The Iraqi war with its deadly roadside bombs does not produce many stories of heroic combat of the kind that might attract recruits.

The most celebrated army account of heroism, the death in a firefight in Afghanistan of former football star Pat Tillman, turned out to be a lie.

Tillman's father Patrick told the Washington Post last week: "They realised that their recruiting efforts were going to go to hell in a hand basket if the truth about his death got out. They blew up their poster boy."

Tillman was shot by his own side, but this information was deliberately withheld by the Pentagon, which has now apologised.

The growing unpopularity of the war was highlighted at Garfield High School in Seattle earlier this month, where on May 9th the parent-teachers association voted 25-5 for a resolution saying "public schools are not a place for military recruiters".

Garfield is one of Seattle's top schools and is racially diverse, with African-Americans making up a third of its student population. Reports of the meeting revealed that the opposition to military recruitment stemmed in part from resentment that public funds were going to the war rather than into education.

Some parents argued that the military should not be denied the right of free speech but they were in the minority. Others claimed the young people were being recruited to perform illegal acts.

Parent-teacher chairwoman Amy Hagopian said their role was "to look out for the health and welfare of our kids" especially those from poor backgrounds, and "defend those kids from what is often a predatory recruiter".

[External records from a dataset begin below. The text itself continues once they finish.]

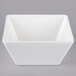 A white square Vollrath melamine bowl with a lid.
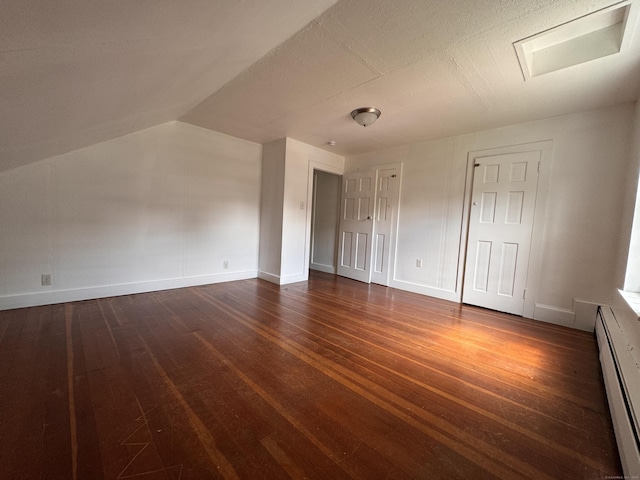 1 Ferry Ln, Portland, CT 06480 - unfurnished bedroom with a baseboard heating unit and dark wood finished floors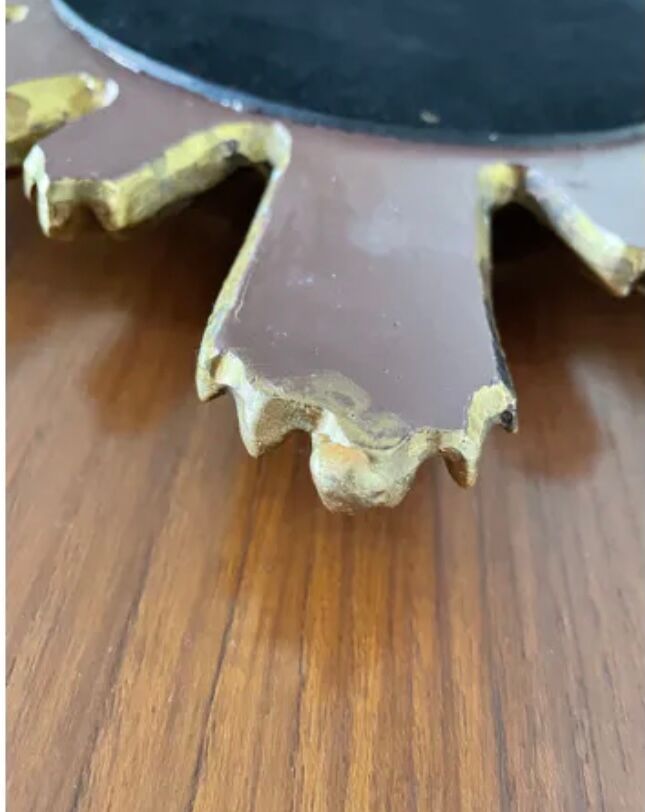 Vintage sun mirror in golden resin 60s/70s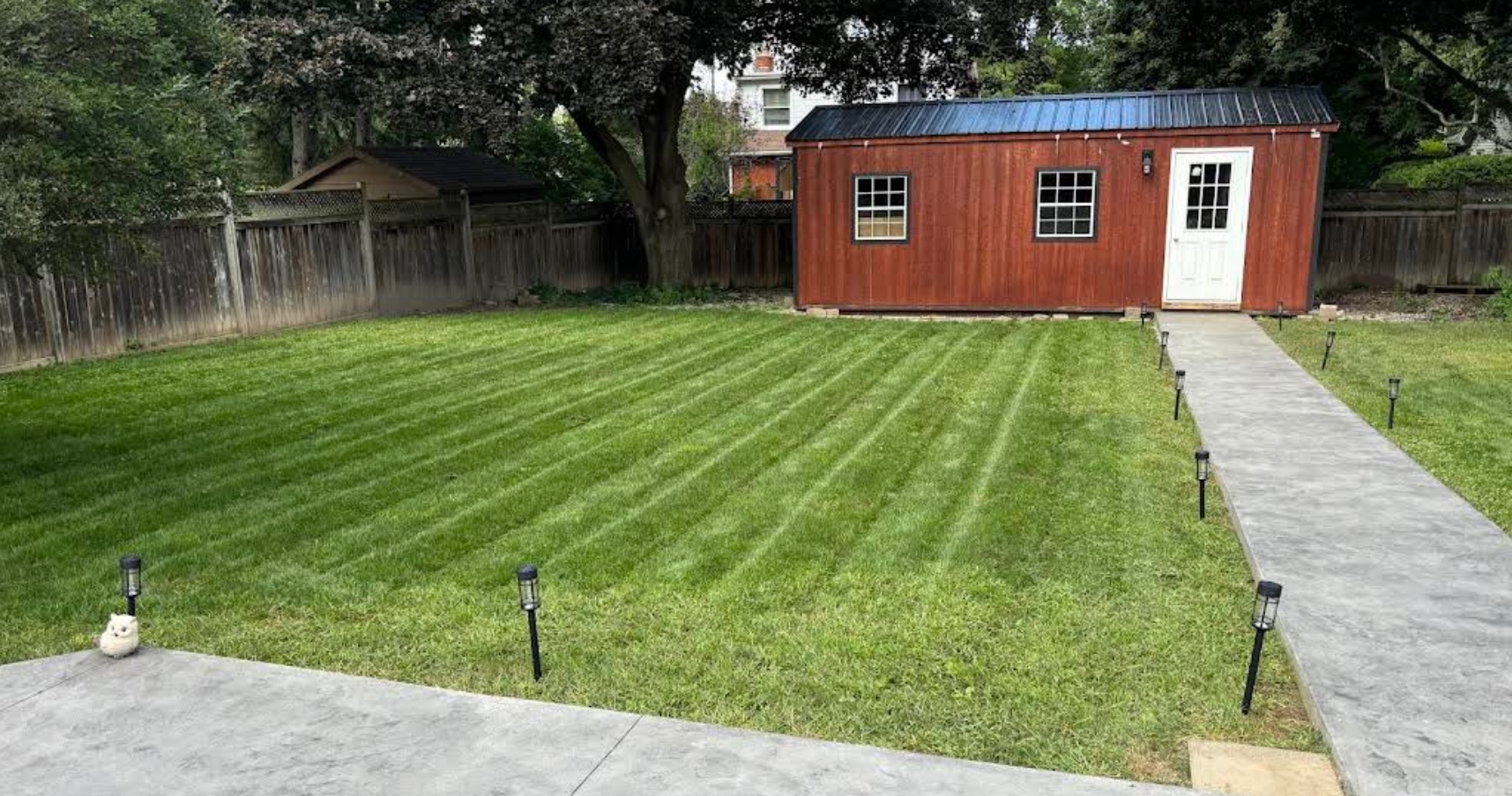 Residential lawn care service showing professionally maintained striped lawn in Brantford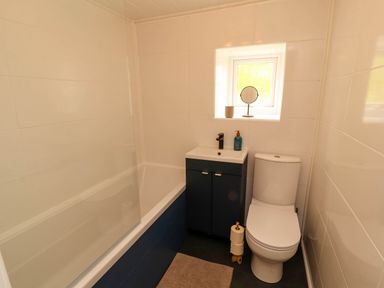 A bathroom with a bathtub a sink cabinet a toilet and a small window at Kirkland Howe Cottage in Arlecdon
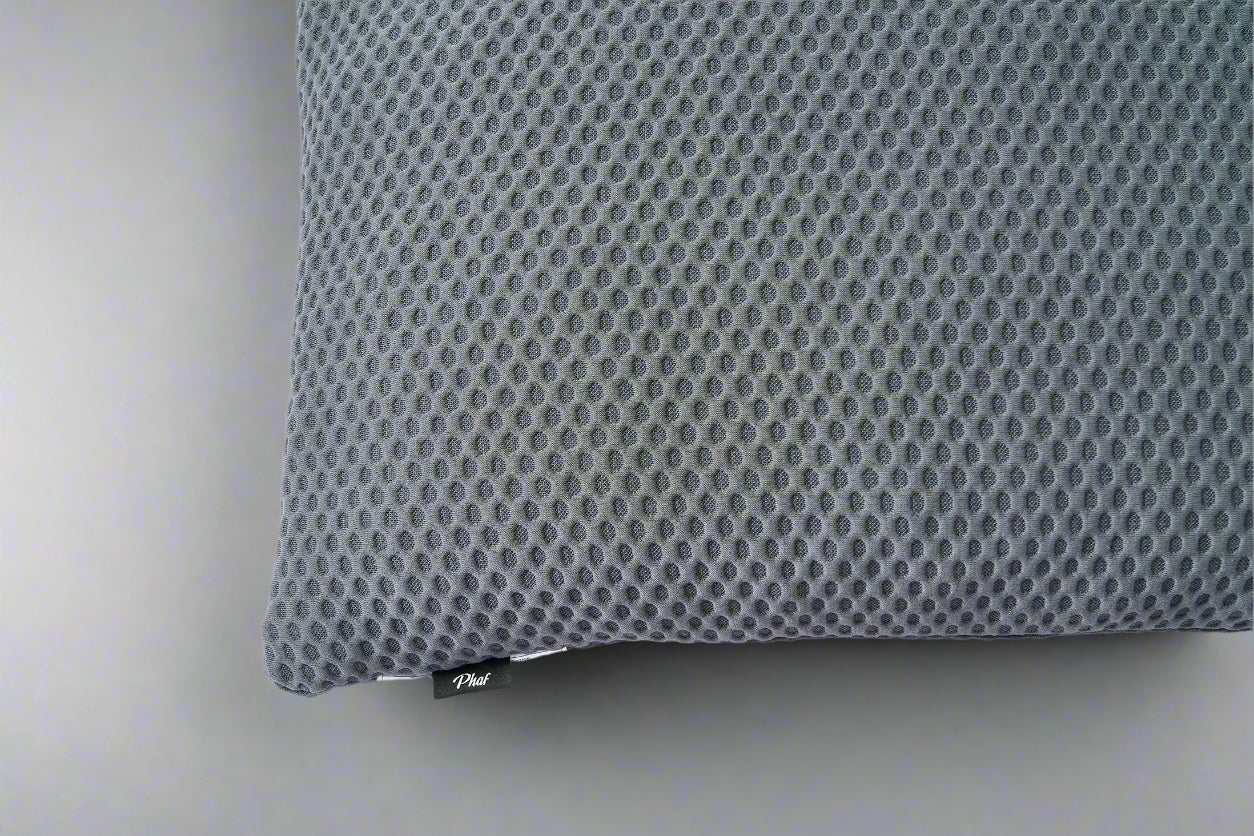 Gray  textured pillow with a brand label "PHAF" on a gray background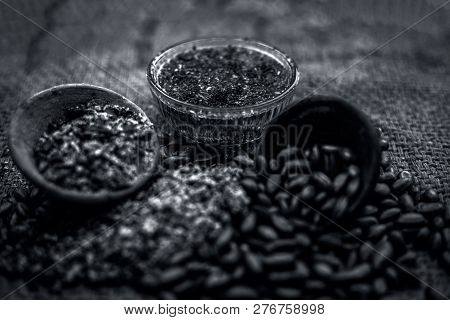 Home Remedy To Cure Lice Or Joon On Brown Colored Surface I.e. Custard Apple Seeds Dried And Powdere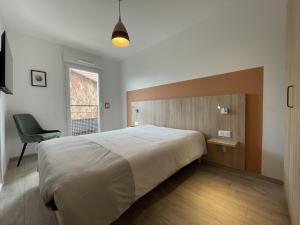 a bedroom with a large bed and a chair at Alba in Laxou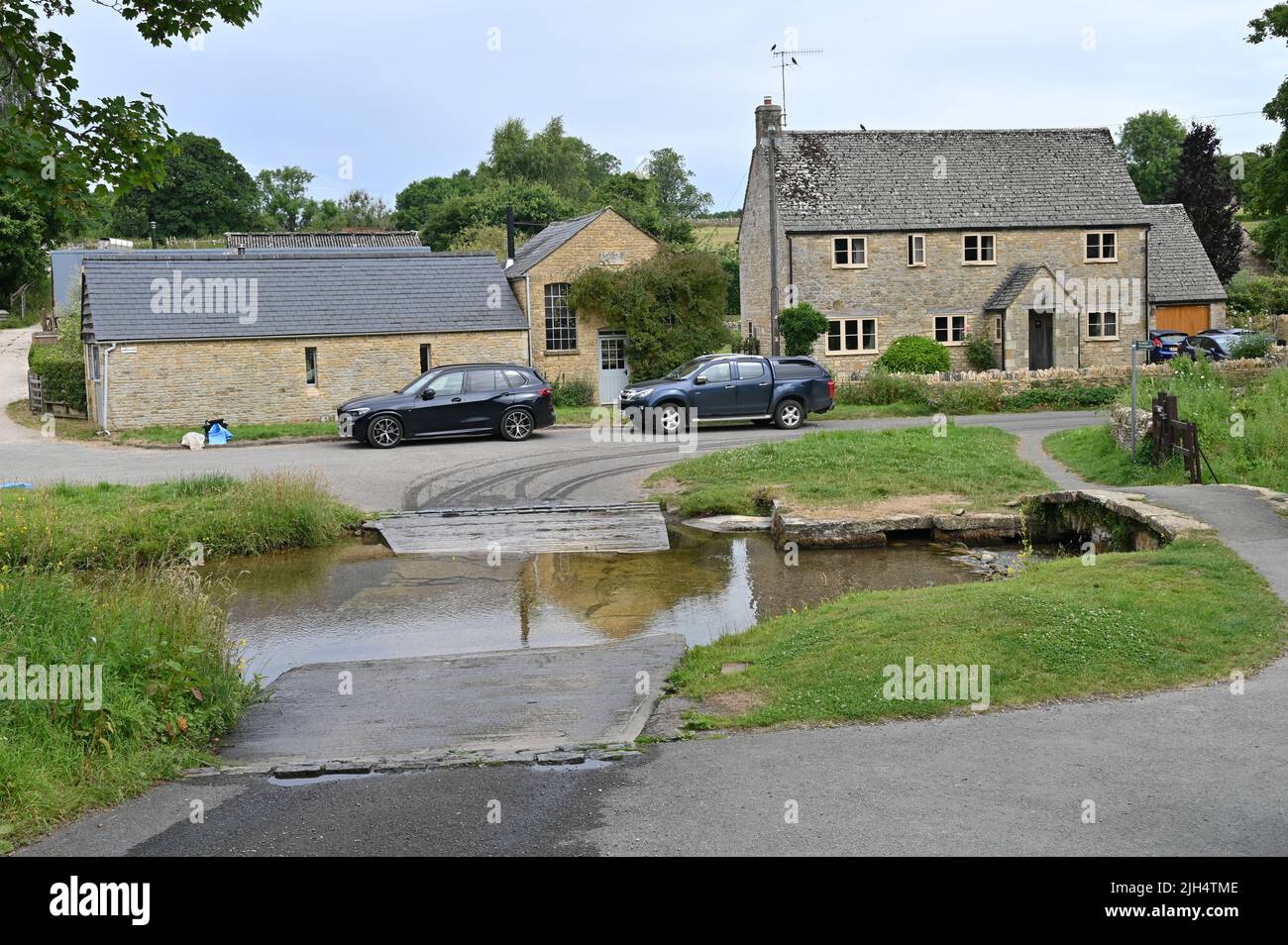 The River Eye is forded in the pretty Cotswolds village of Upper Slaughter, Gloucestershire. Passage can be hazardous after a spell of heavy rainfall Stock Photo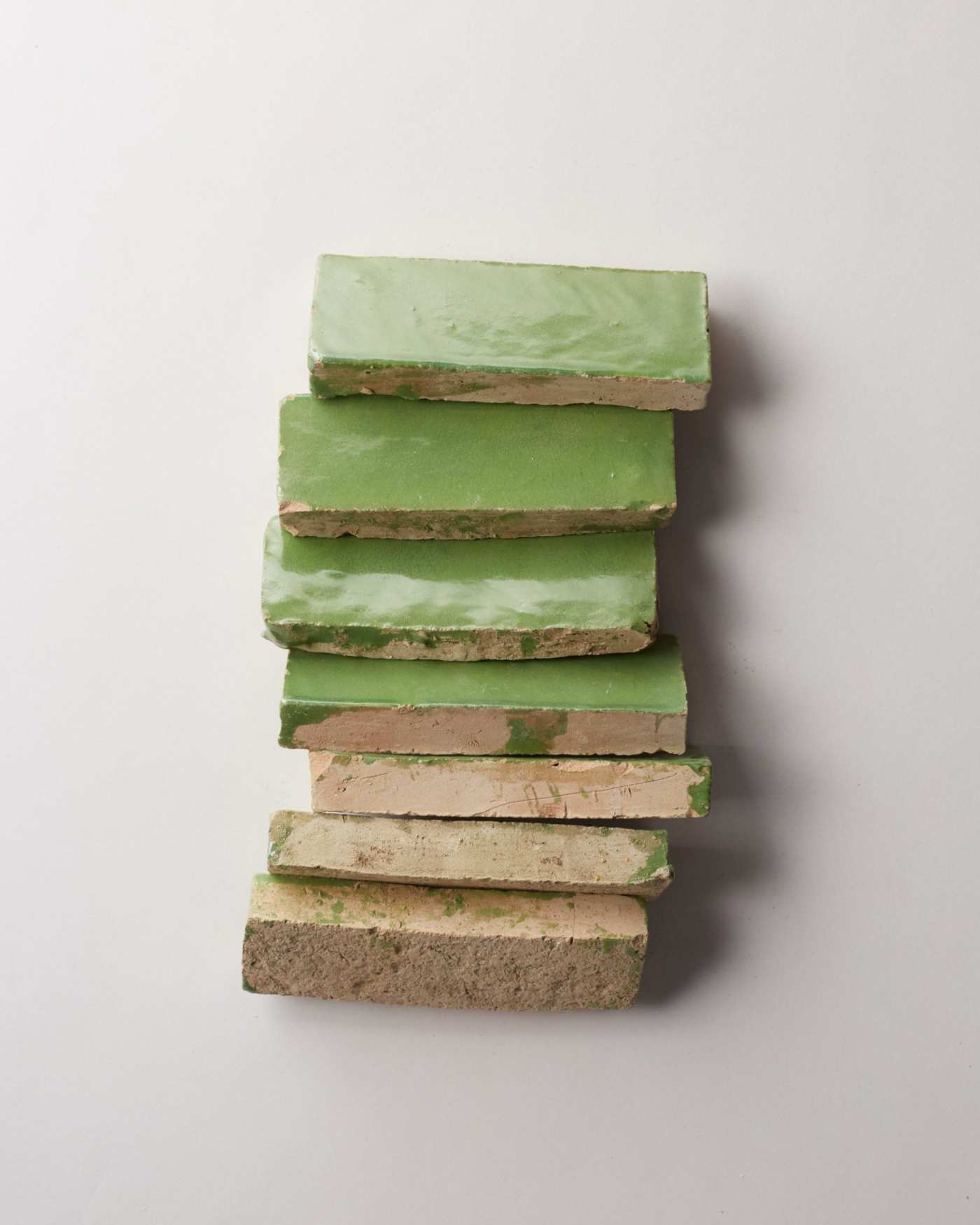 a stack of green tiles on a white surface.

Under the education act known as No Child Left Behind, all school districts are required to give recruiters access to students, or risk losing federal funding, and the Garfield decision is likely to become a test case.

Students may in any event take matters into their own hands. At Seattle Central Community College, angry protesters forced two recruiters to flee from the campus. The protests may be heating up nation-wide.

This week students will hold a national anti-war conference in New York and Students Against the War National Network is calling for another day of protest on the campuses on Wednesday.